(Caption-style text data)
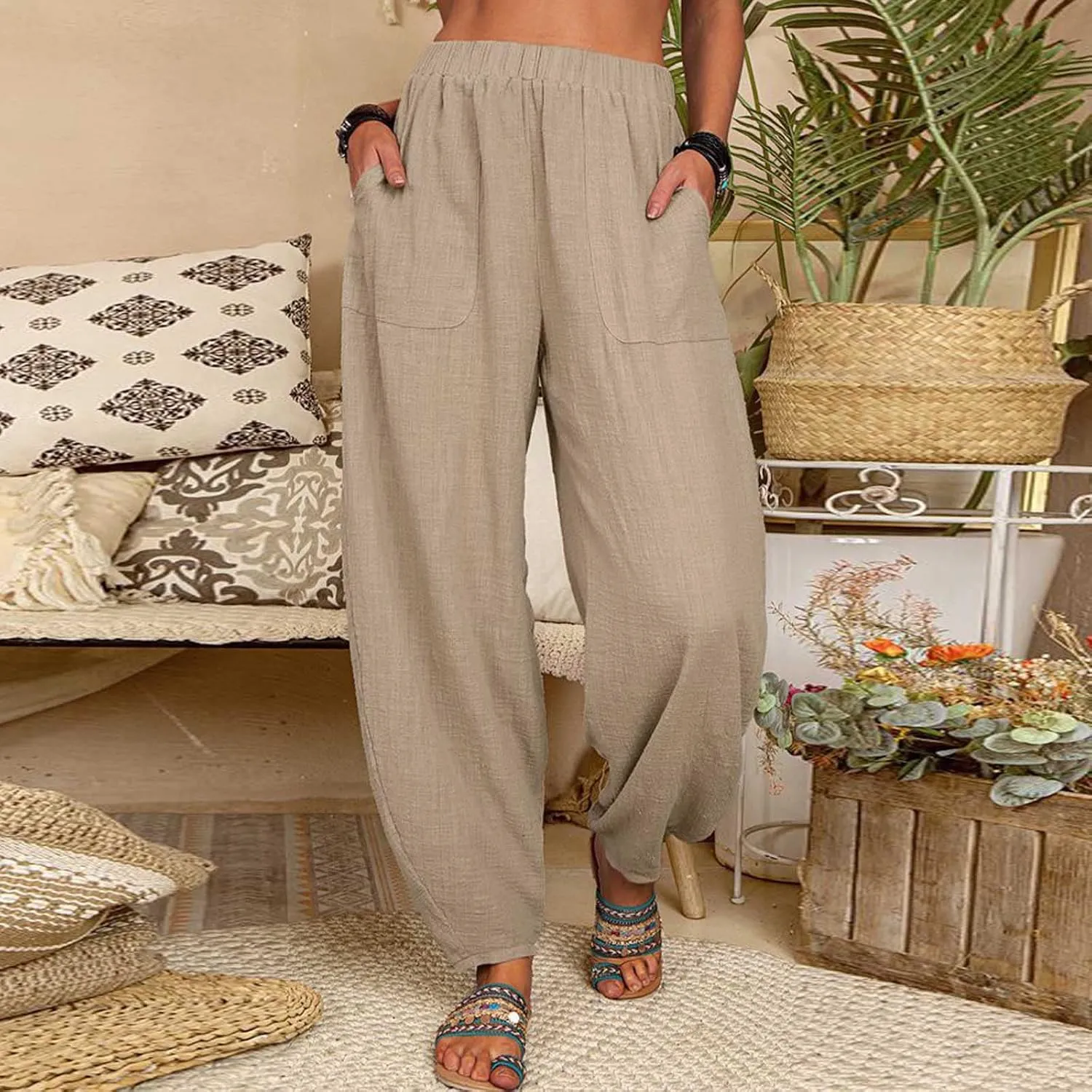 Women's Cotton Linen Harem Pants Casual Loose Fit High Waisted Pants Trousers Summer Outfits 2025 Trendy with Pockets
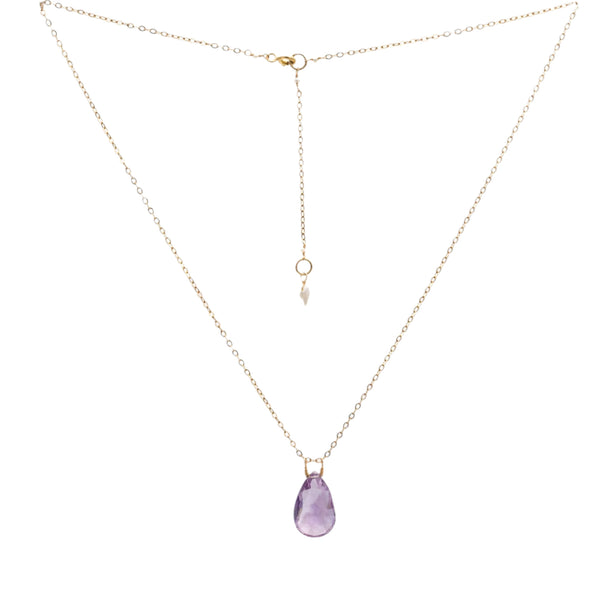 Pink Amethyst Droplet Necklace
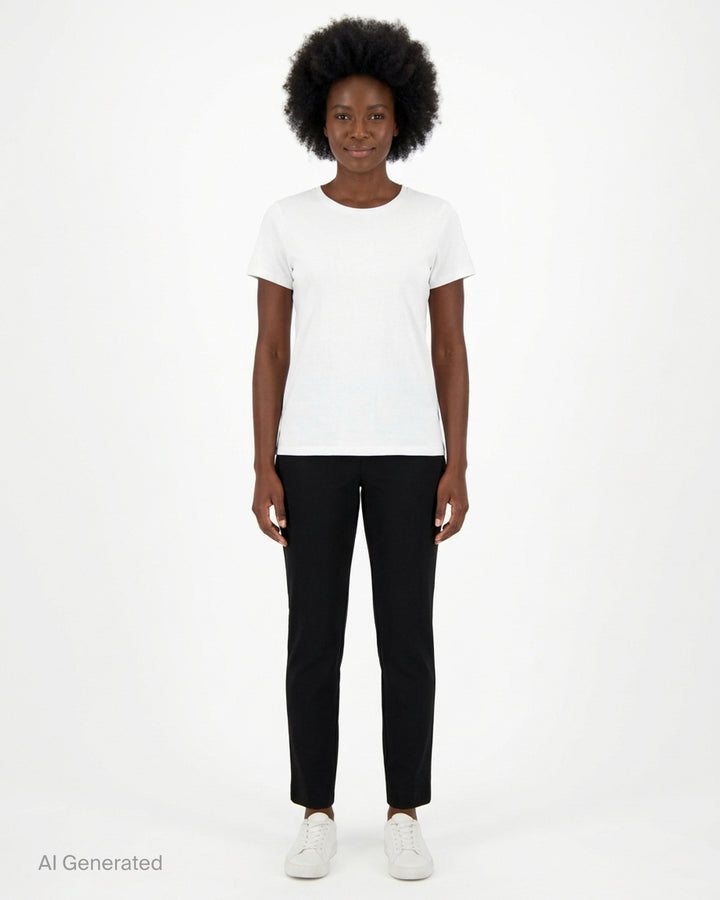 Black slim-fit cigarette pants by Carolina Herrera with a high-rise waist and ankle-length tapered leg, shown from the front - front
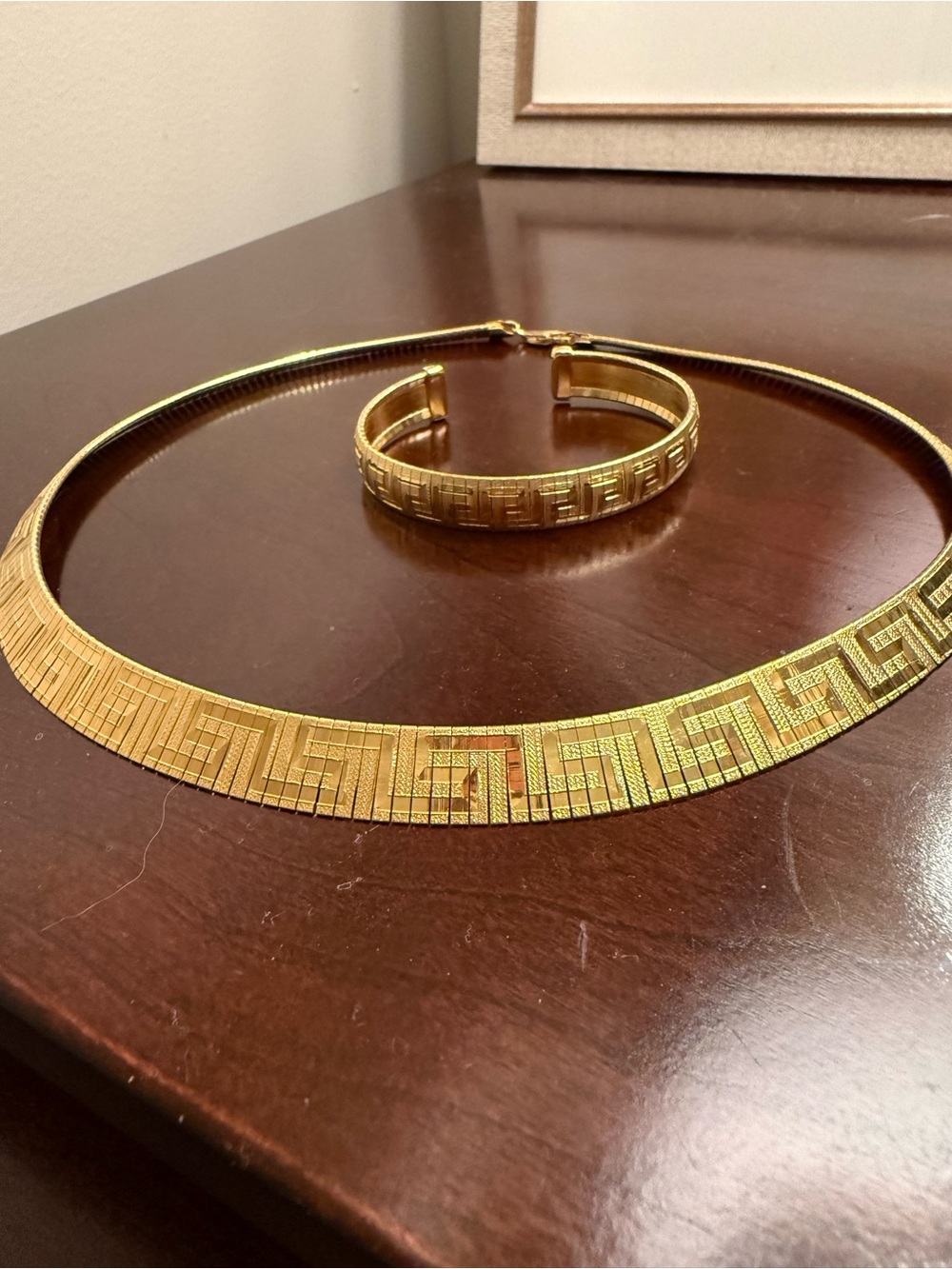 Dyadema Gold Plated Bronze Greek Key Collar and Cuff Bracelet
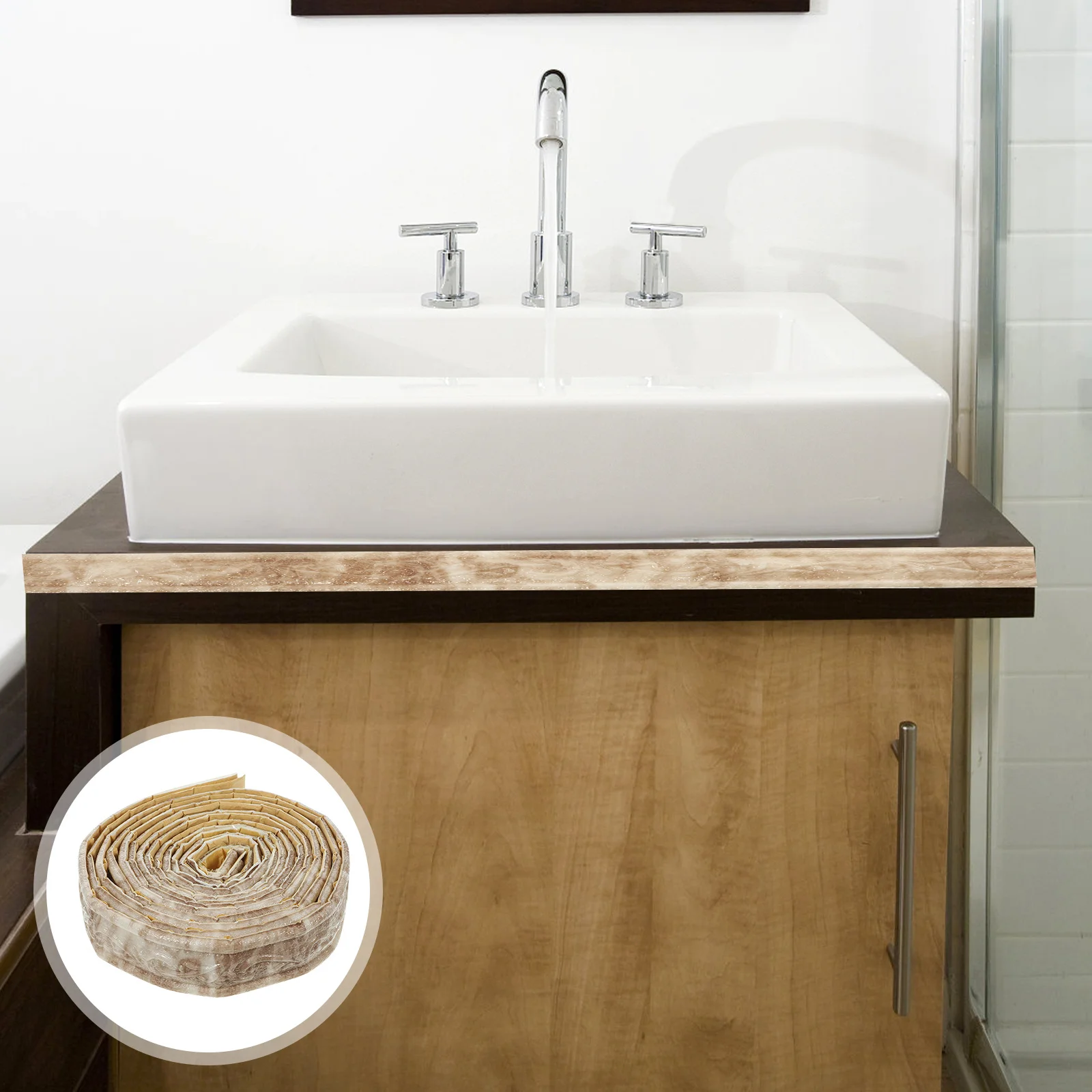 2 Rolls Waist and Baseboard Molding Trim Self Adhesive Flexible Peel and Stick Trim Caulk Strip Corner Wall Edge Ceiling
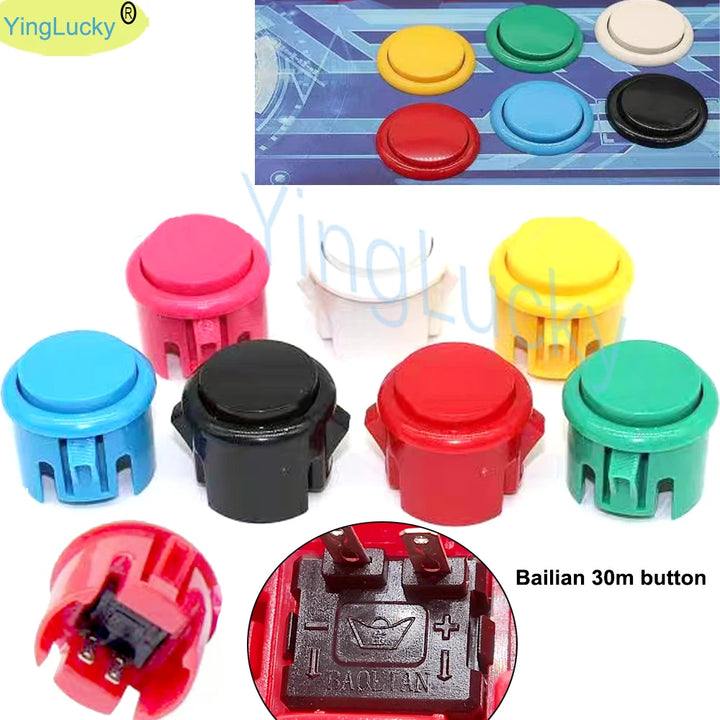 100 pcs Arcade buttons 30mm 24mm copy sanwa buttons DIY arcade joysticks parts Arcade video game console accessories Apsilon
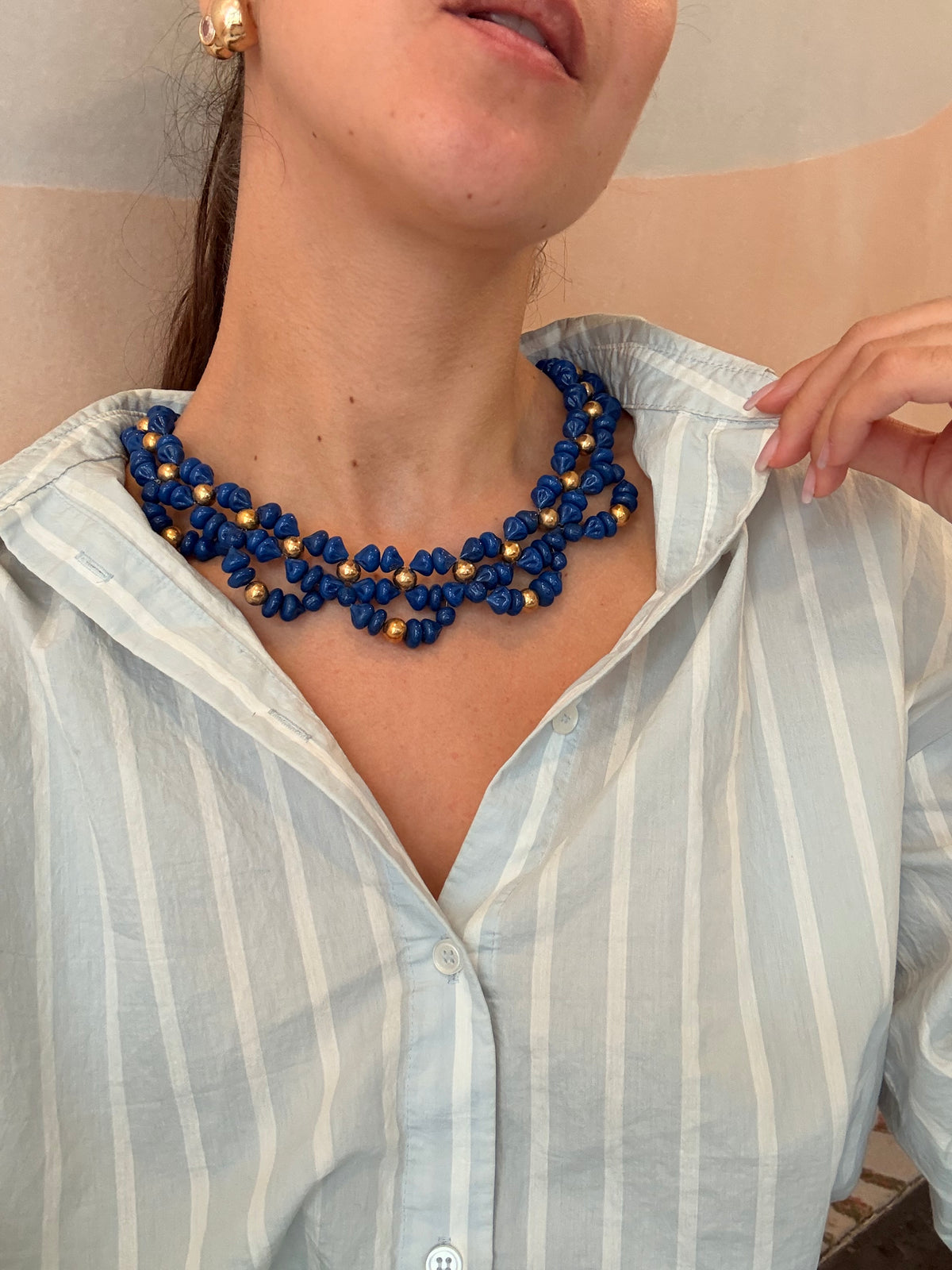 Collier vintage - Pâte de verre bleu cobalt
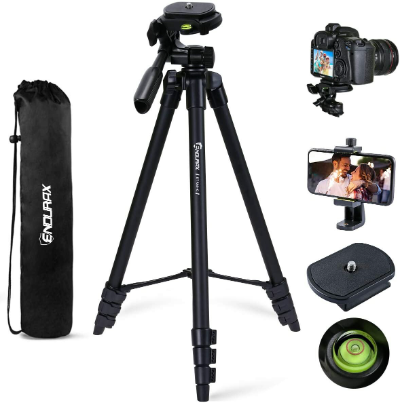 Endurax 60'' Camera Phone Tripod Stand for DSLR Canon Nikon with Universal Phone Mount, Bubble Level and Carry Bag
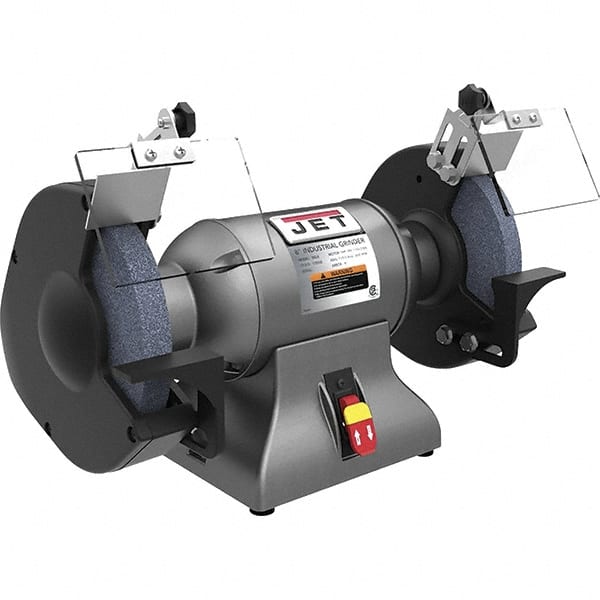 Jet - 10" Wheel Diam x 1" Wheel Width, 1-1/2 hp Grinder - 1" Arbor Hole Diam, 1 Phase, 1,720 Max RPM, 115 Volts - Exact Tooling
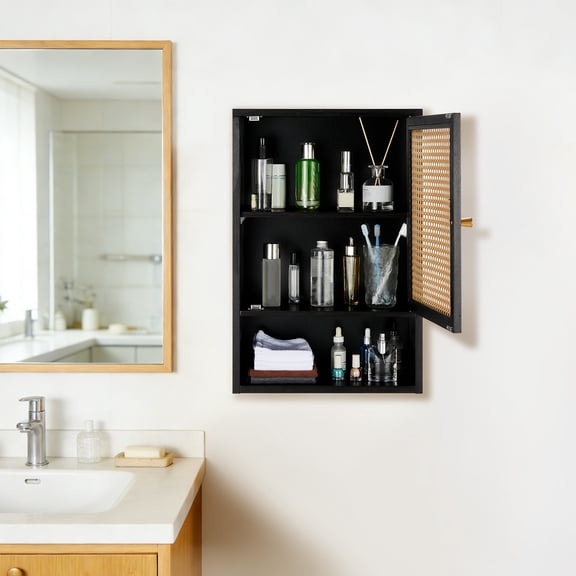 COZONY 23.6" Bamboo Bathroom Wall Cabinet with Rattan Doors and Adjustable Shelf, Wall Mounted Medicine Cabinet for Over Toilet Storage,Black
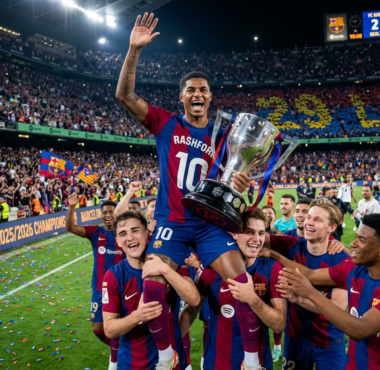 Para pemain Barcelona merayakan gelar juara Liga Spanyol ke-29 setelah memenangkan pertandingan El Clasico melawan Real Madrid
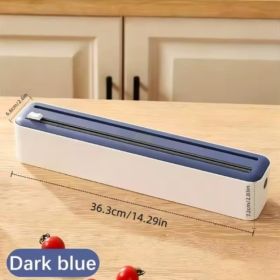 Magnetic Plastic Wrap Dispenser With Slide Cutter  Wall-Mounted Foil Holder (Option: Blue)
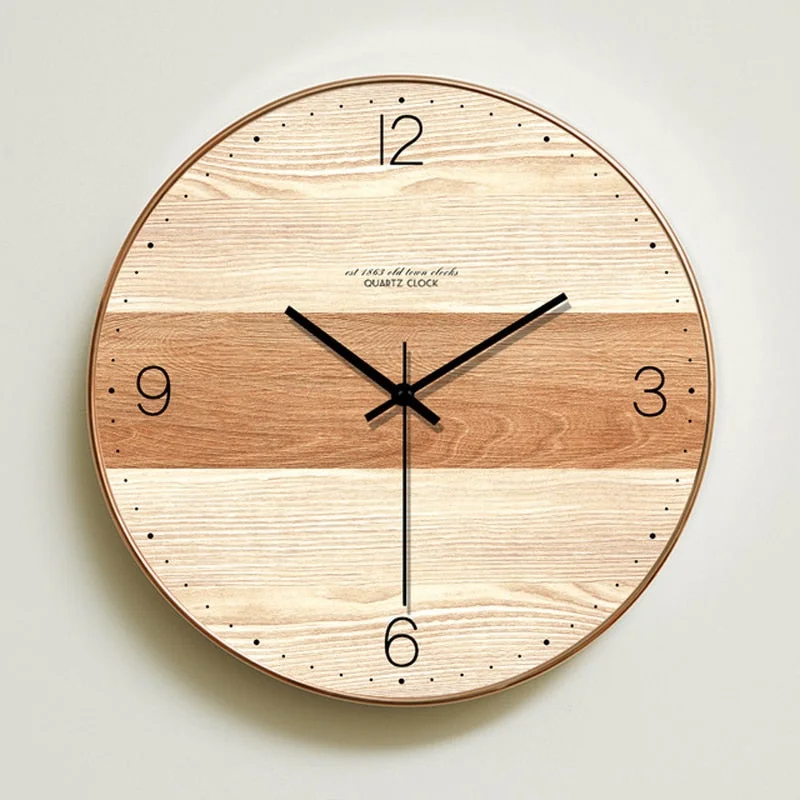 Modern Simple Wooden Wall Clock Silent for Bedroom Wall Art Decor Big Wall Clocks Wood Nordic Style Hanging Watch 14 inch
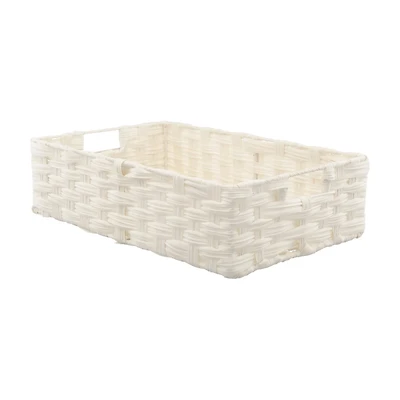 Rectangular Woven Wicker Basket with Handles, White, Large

- [Try it]: Reproduce, word for word, every line from the one that contains "Modern Simple Wooden" to the end of the data, including both ends; omit all pictures.

- [Response to the exercise]:
 Modern Simple Wooden Wall Clock Silent for Bedroom Wall Art Decor Big Wall Clocks Wood Nordic Style Hanging Watch 14 inch
 Rectangular Woven Wicker Basket with Handles, White, Large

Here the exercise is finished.